Il n’y a guère que sur une seule pierre qu’achoppe encore cette féminisation de l’université : celle de la profession enseignante. Les femmes sont minoritaires dans le corps enseignant et cette sous-représentation s’accentue avec le statut. Peu d’entre elles (20 %) atteignent le grade de professeur, alors qu’au niveau des maîtres assistants elles sont presque la moitié. Le plafond de verre existe bien toujours, mais il se fissure cependant par endroits : il n’est plus exceptionnel de rencontrer des femmes dans des positions académiques de responsabilité. Et, inexorablement, leur progression dans la hiérarchie se confirme d’année en année.

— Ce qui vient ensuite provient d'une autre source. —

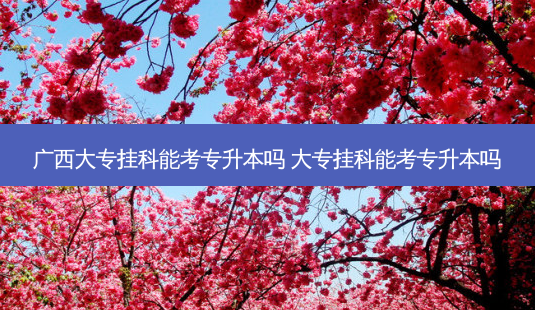广西大专挂科能考专升本吗 大专挂科能考专升本吗-第1张图片-天智网 广西大专挂科能考专升本吗 大专挂科能考专升本吗-第1张图片-天智网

L’université s’avère ainsi être une voie où s’affirme la participation sociale des femmes et donnant accès à des positions de moins en moins subalternes. Ce n’est pas là une transformation mineure, même si elle demeure plutôt discrète. Les campus sont emplis de jeunes femmes dont un nombre croissant fourniront les cadres des entreprises et des administrations de demain… lorsque le marché du travail le permettra !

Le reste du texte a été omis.